Exercise: Below are entries; work out how many of their lines hold "using", giving only that number.

Extracted material:

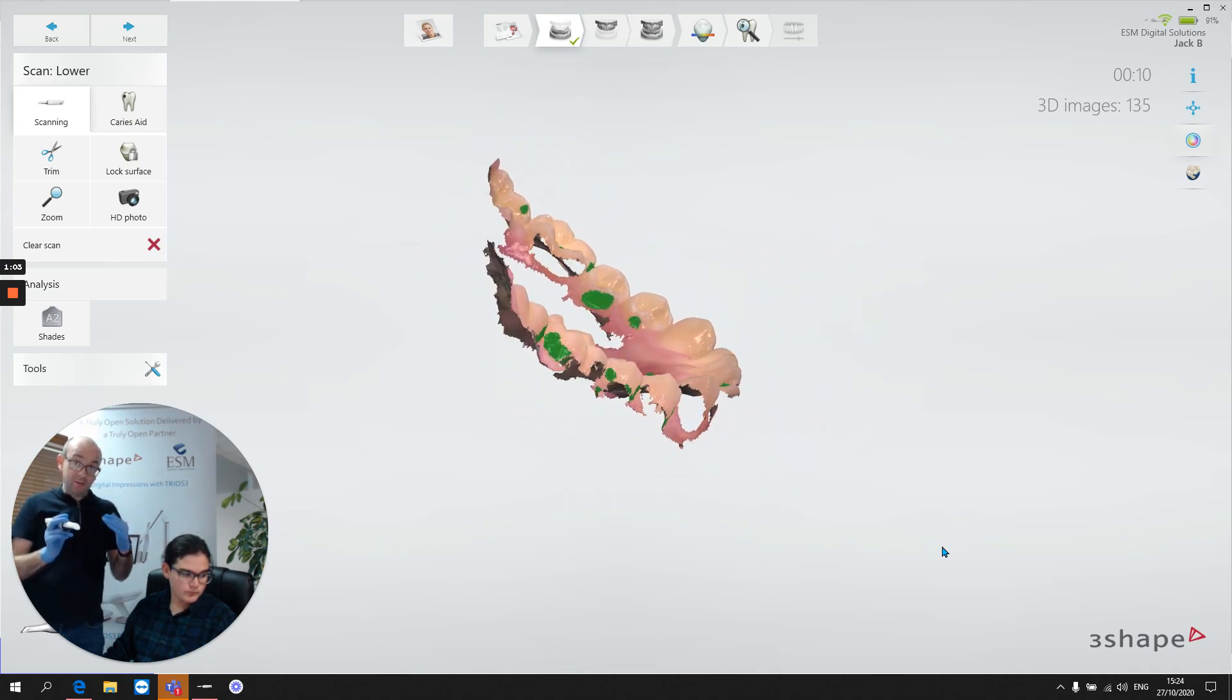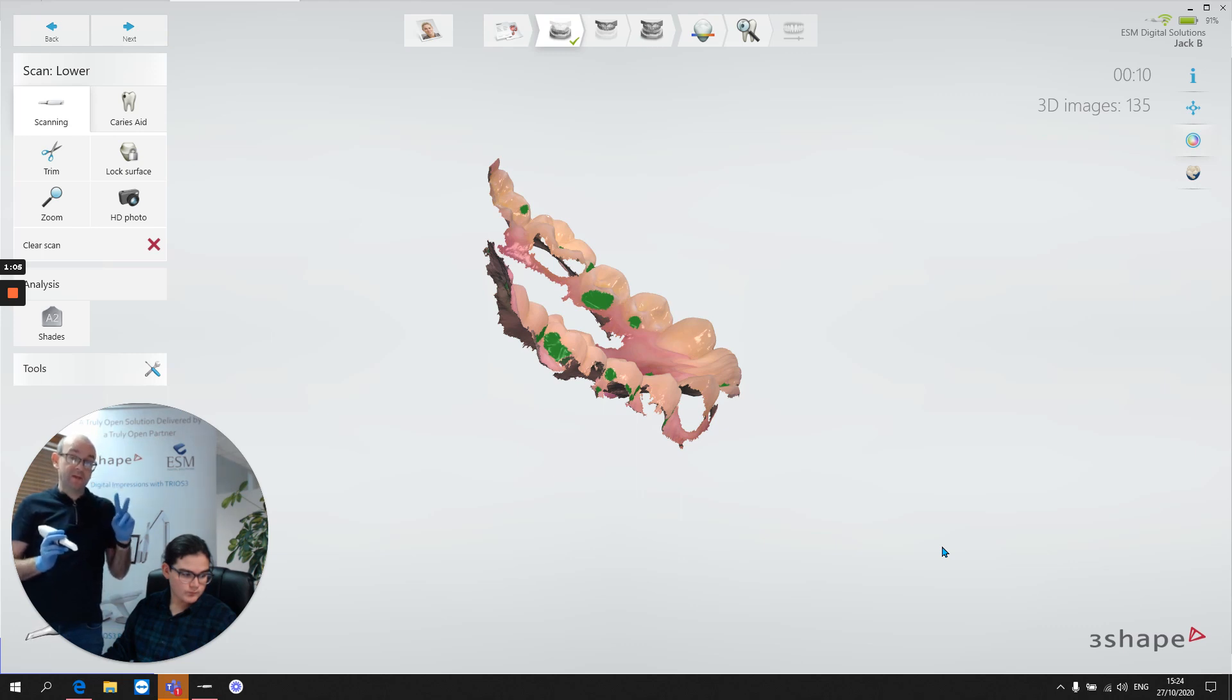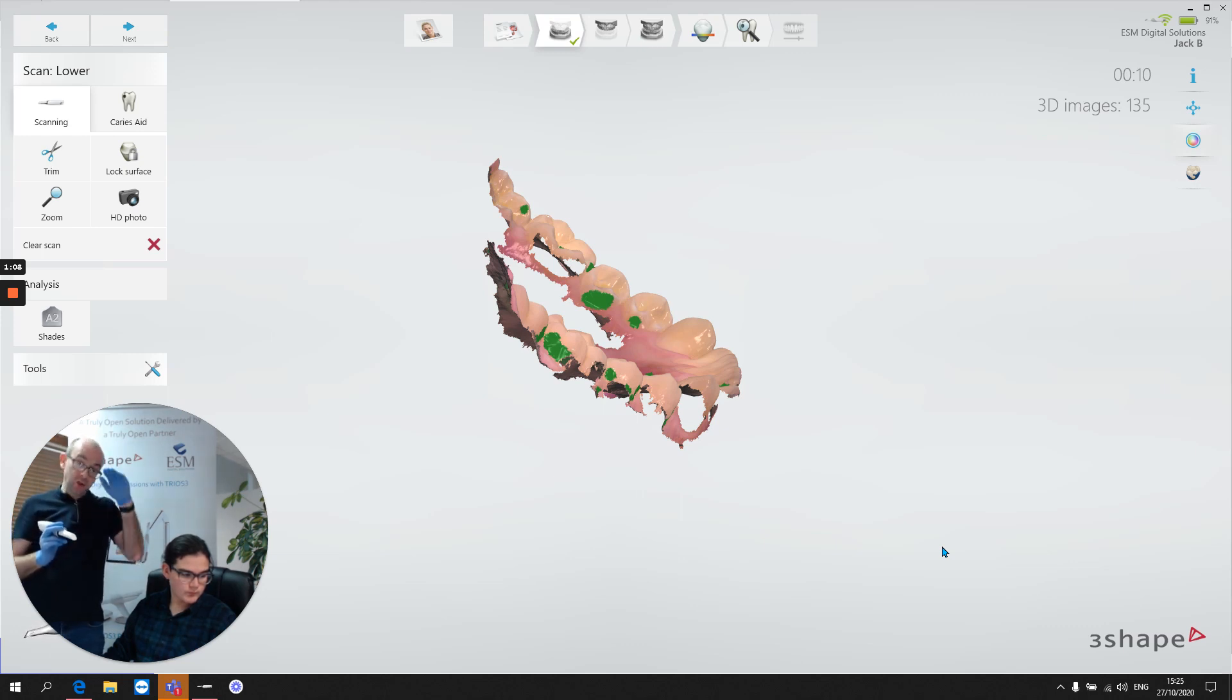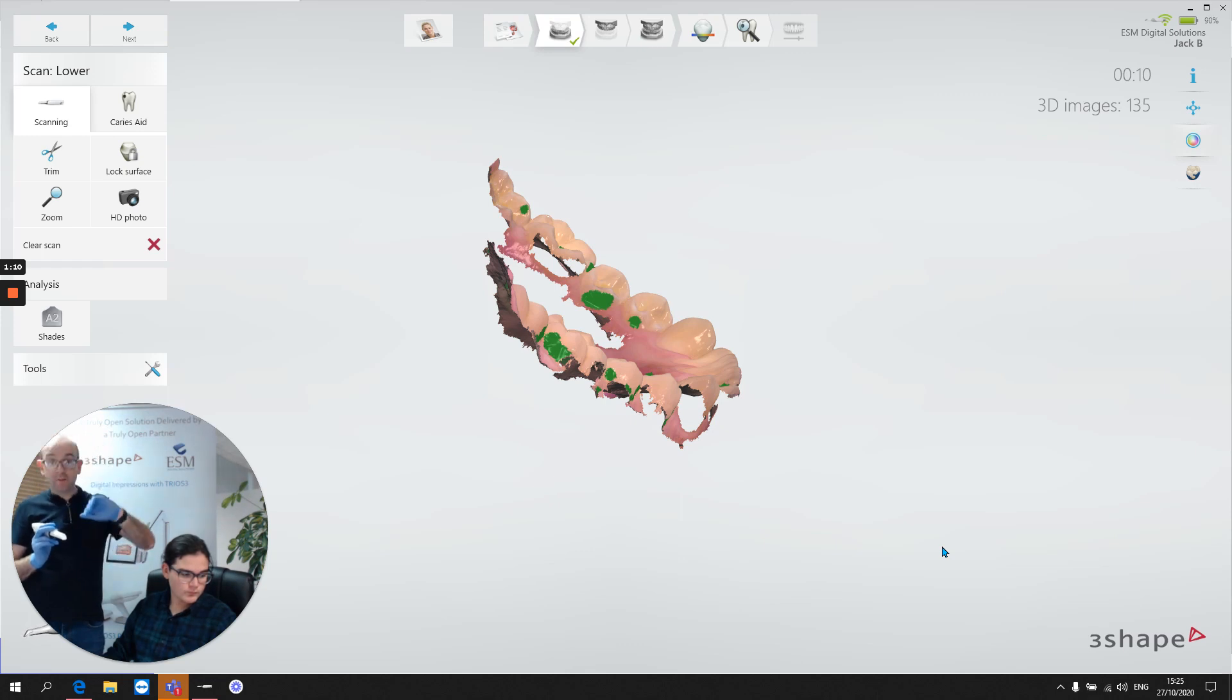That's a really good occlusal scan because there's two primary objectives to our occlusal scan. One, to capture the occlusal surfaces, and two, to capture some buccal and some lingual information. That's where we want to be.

==

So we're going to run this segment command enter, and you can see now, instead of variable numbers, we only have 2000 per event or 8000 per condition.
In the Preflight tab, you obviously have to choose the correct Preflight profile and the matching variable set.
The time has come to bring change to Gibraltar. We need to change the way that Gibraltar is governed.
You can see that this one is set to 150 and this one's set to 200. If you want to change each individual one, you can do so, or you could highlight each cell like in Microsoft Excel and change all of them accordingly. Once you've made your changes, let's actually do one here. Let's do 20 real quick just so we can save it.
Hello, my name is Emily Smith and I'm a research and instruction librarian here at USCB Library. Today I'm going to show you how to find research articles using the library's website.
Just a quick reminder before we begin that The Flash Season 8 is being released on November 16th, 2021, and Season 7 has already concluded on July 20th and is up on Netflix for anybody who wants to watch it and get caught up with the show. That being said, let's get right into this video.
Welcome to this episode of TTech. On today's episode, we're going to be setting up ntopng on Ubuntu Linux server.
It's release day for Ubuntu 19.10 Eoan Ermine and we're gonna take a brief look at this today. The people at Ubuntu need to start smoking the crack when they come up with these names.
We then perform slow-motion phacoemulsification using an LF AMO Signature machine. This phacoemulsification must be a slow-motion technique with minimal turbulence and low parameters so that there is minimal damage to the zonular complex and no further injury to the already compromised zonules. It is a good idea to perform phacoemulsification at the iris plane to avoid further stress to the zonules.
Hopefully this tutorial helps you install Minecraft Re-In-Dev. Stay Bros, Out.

==

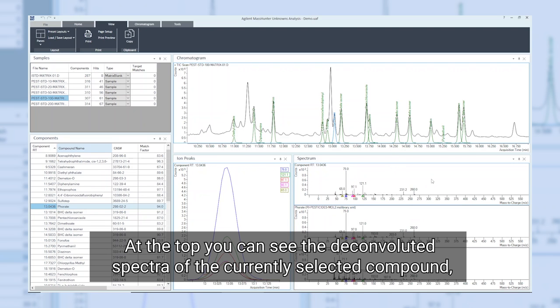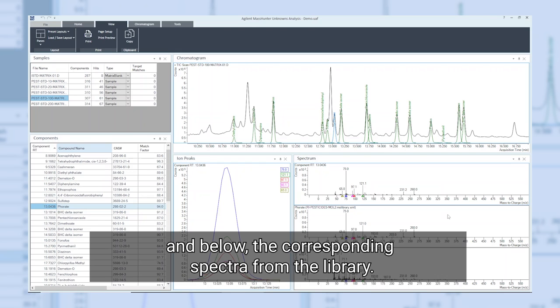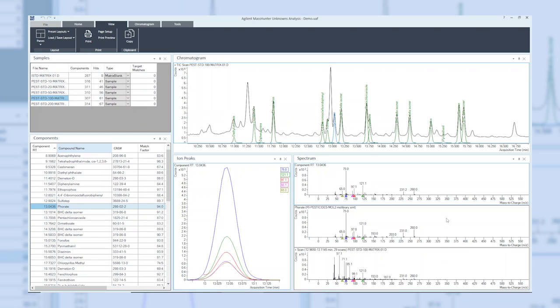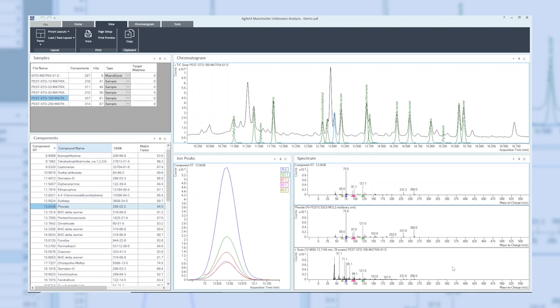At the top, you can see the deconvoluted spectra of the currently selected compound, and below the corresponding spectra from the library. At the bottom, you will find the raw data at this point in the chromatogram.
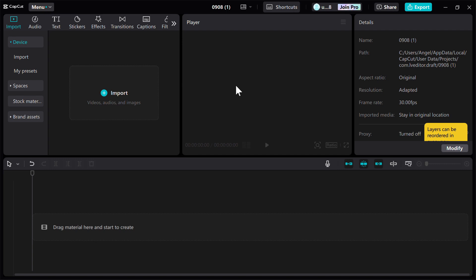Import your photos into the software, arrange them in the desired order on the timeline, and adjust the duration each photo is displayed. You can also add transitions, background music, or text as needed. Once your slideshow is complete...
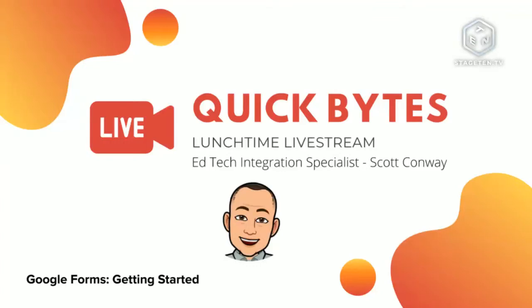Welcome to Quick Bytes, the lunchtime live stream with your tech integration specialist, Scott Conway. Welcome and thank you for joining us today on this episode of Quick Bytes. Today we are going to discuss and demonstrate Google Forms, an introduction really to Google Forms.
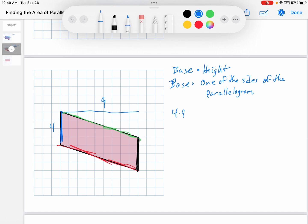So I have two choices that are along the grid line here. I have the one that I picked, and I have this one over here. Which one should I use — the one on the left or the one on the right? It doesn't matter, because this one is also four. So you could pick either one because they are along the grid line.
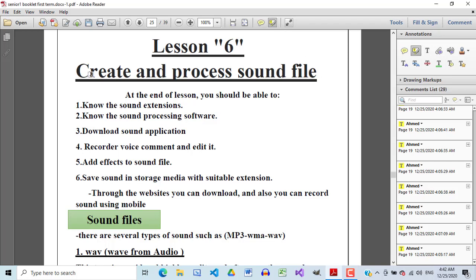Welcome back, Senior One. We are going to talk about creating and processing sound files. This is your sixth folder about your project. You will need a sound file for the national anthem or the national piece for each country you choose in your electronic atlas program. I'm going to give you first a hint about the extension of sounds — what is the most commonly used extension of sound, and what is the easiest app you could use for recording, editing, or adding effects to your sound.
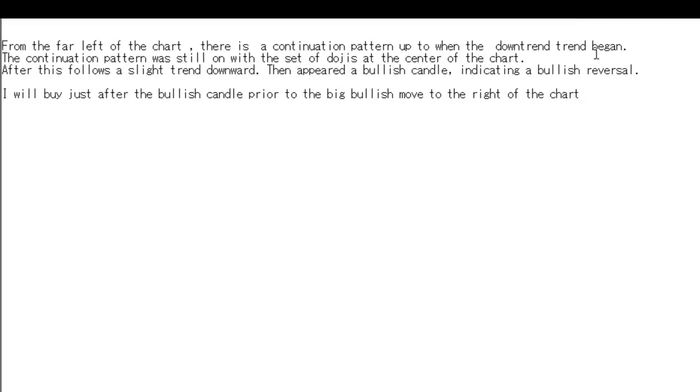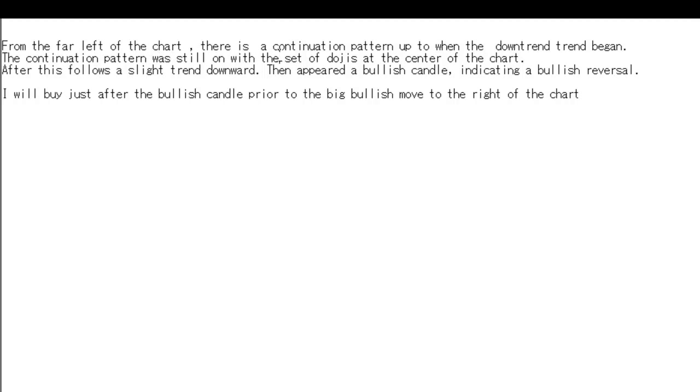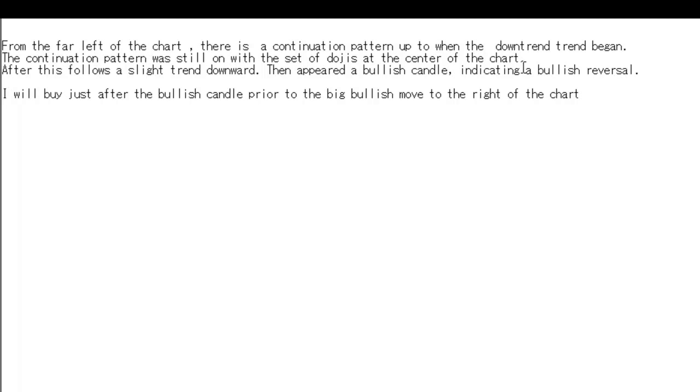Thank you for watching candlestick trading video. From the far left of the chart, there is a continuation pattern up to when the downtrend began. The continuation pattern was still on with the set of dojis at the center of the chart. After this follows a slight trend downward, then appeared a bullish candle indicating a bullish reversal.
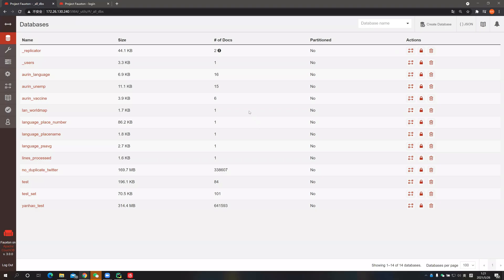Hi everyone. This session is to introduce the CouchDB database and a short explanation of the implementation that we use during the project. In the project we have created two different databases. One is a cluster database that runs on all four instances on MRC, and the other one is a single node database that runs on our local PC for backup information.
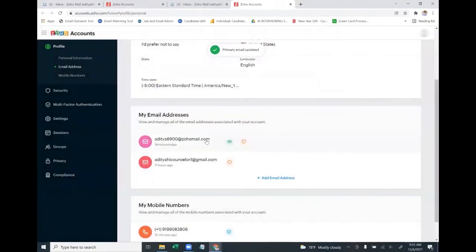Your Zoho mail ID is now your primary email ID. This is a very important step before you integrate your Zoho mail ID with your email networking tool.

Response area: 2